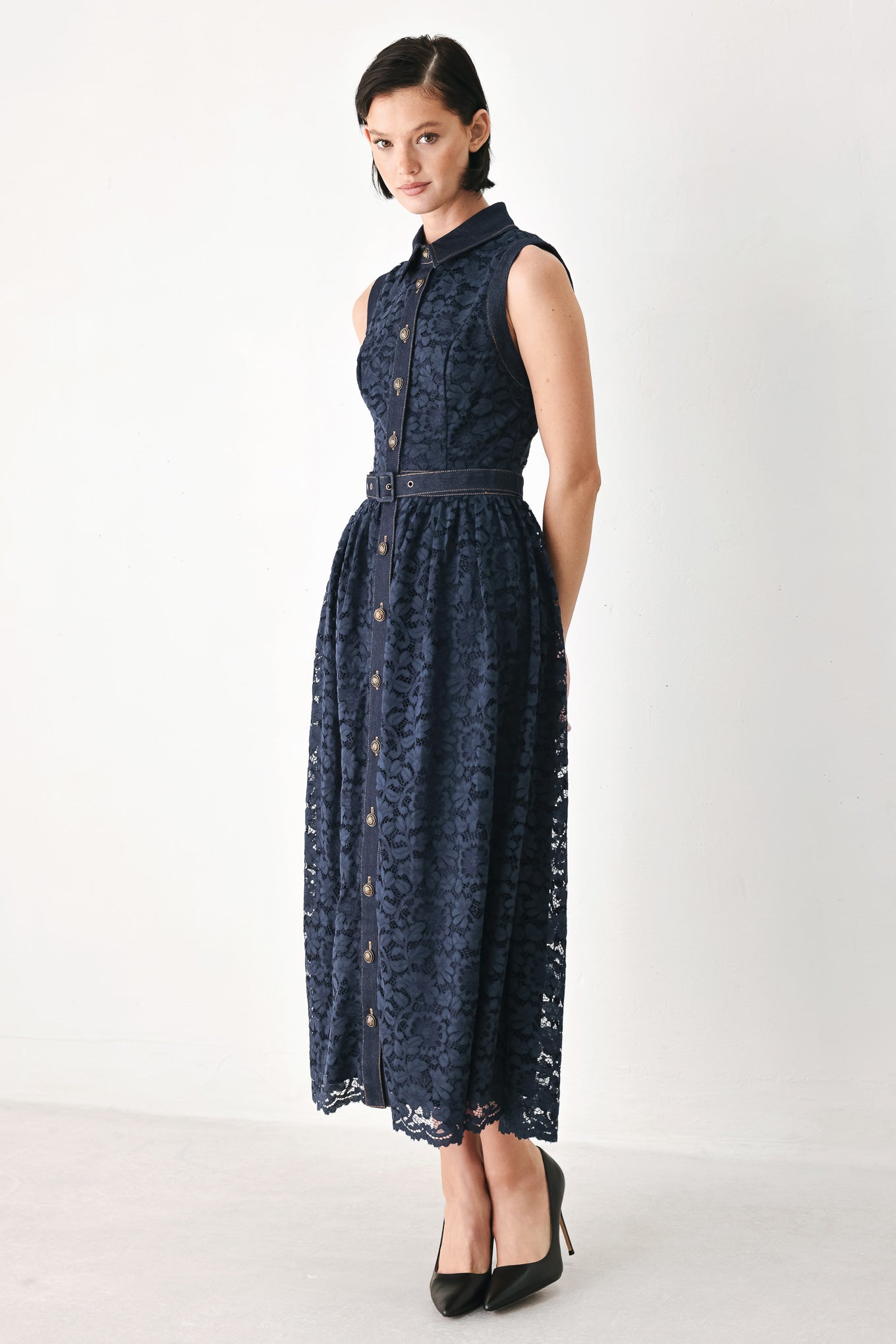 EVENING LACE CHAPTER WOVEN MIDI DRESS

--

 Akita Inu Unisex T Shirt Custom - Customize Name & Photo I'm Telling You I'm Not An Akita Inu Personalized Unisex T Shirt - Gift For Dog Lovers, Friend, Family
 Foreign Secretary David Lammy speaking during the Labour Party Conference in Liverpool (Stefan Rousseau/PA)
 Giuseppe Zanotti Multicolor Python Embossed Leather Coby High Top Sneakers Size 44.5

* * *

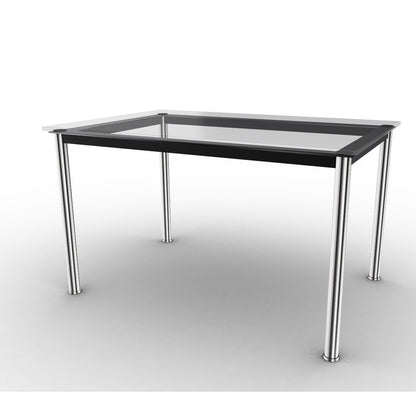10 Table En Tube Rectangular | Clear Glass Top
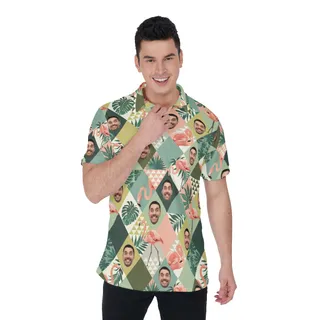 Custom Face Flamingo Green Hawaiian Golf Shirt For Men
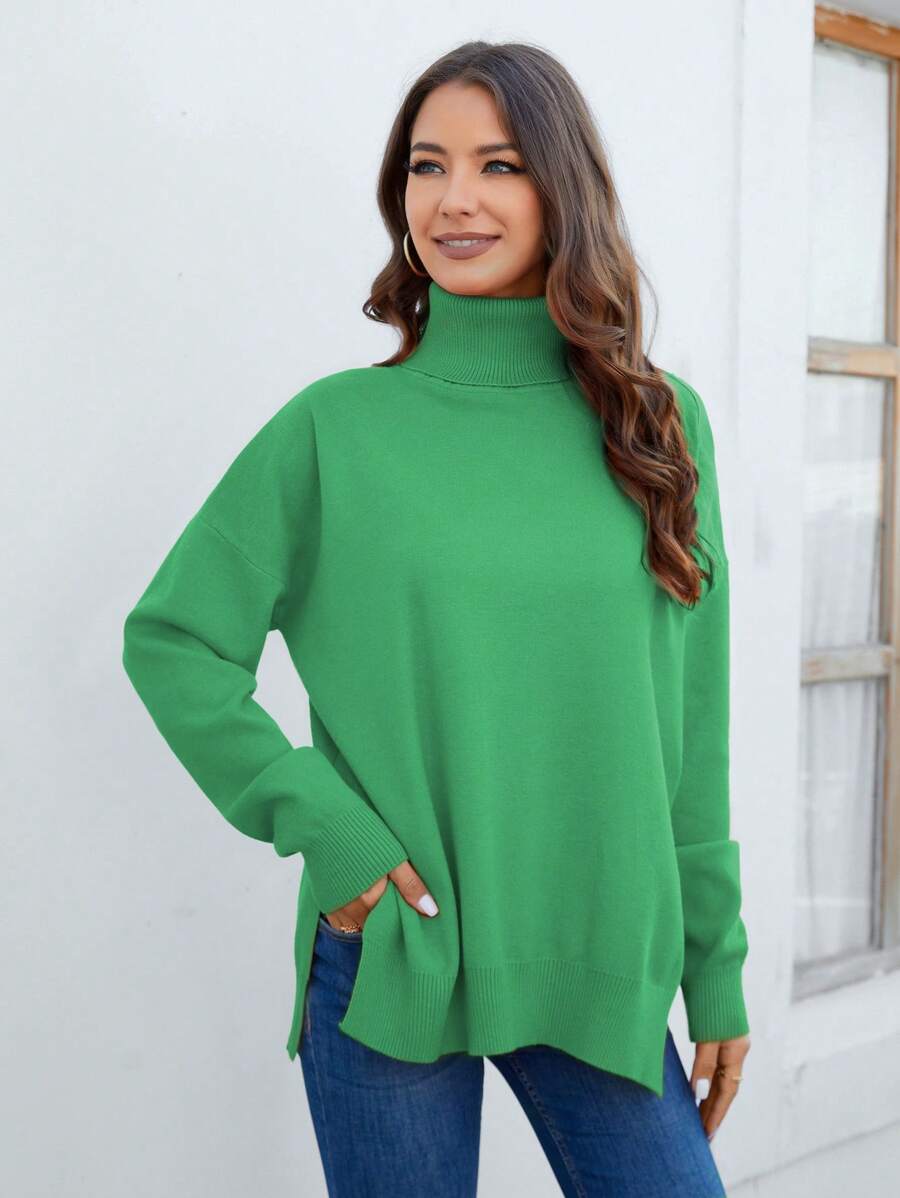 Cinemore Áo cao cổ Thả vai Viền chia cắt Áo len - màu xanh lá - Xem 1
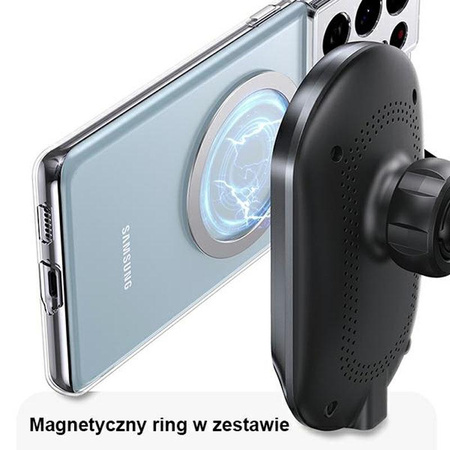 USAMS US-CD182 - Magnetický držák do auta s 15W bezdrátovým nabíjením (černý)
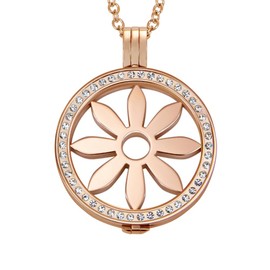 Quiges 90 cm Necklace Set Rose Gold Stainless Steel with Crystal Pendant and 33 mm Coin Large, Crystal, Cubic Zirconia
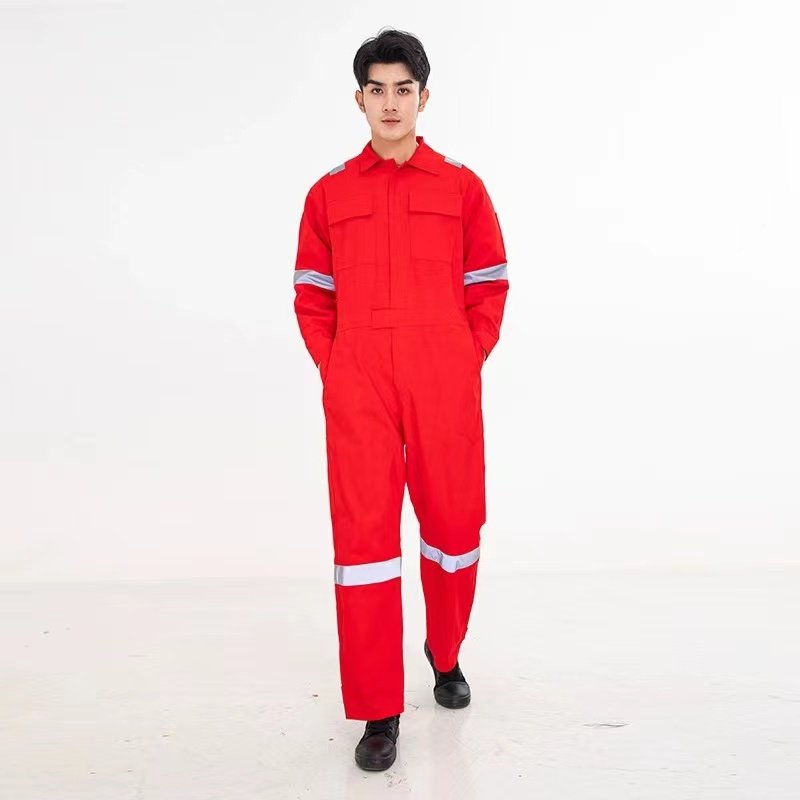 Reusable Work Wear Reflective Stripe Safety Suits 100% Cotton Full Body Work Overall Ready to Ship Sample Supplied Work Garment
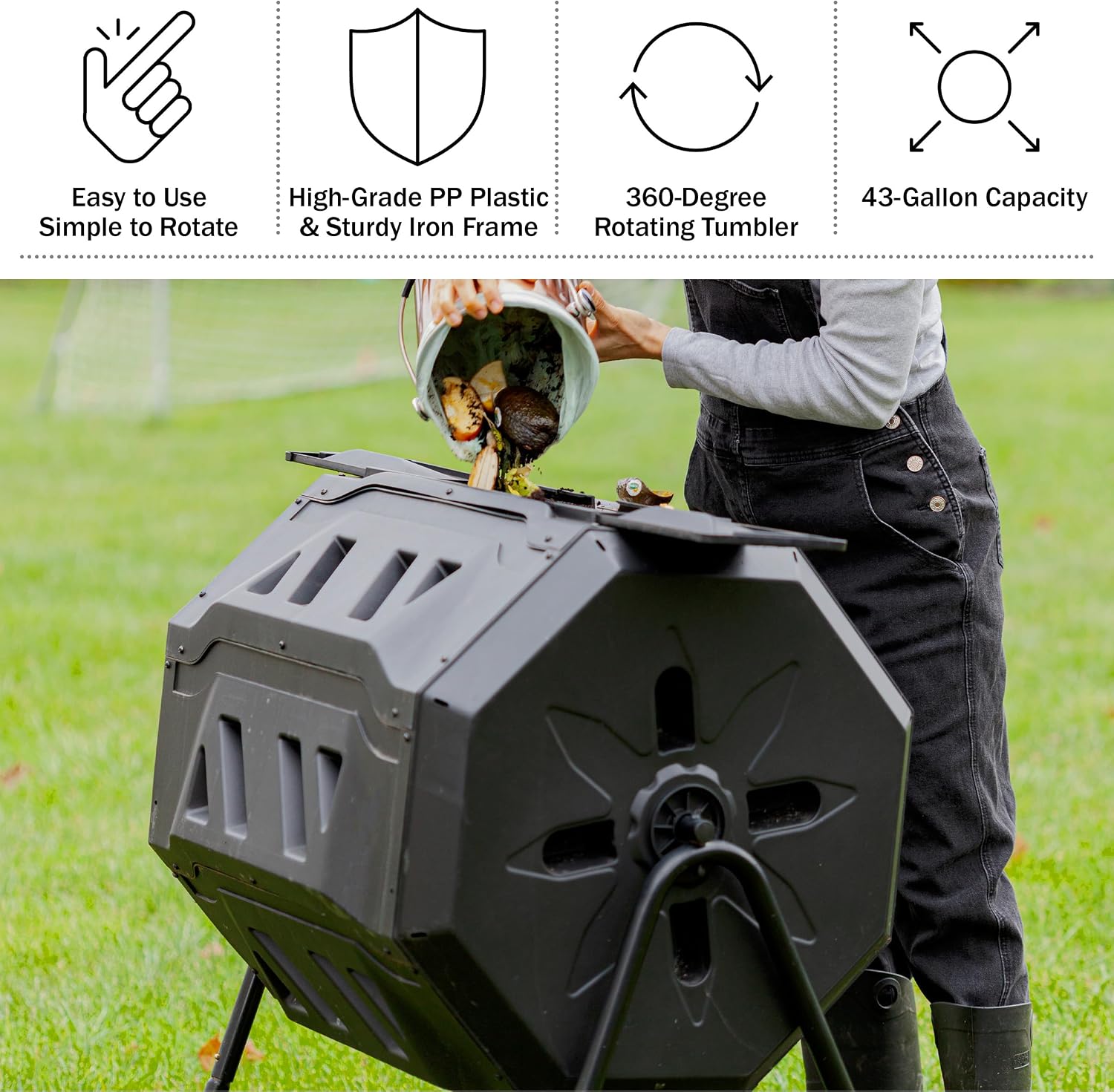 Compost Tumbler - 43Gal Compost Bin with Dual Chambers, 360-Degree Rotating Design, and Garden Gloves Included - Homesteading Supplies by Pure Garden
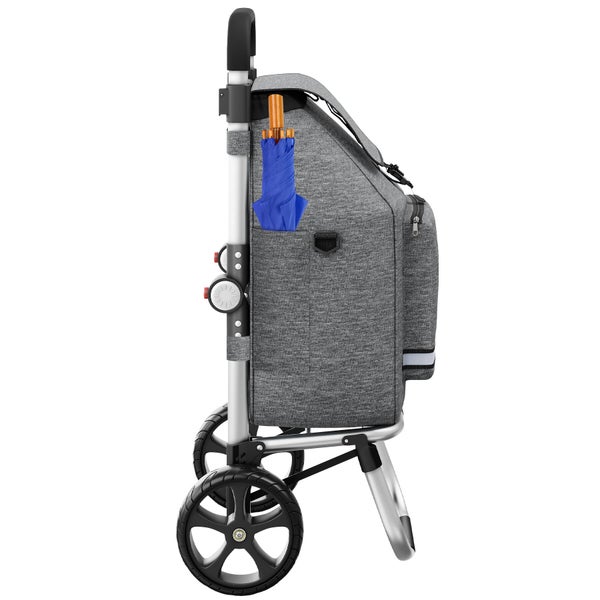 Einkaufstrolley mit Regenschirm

● Aim of the exercise
Please make an exact copy of the lines above from the line with "Akita Inu Unisex" through the line with "Foreign Secretary David", both ends included.

● Answer box
 Akita Inu Unisex T Shirt Custom - Customize Name & Photo I'm Telling You I'm Not An Akita Inu Personalized Unisex T Shirt - Gift For Dog Lovers, Friend, Family
 Foreign Secretary David Lammy speaking during the Labour Party Conference in Liverpool (Stefan Rousseau/PA)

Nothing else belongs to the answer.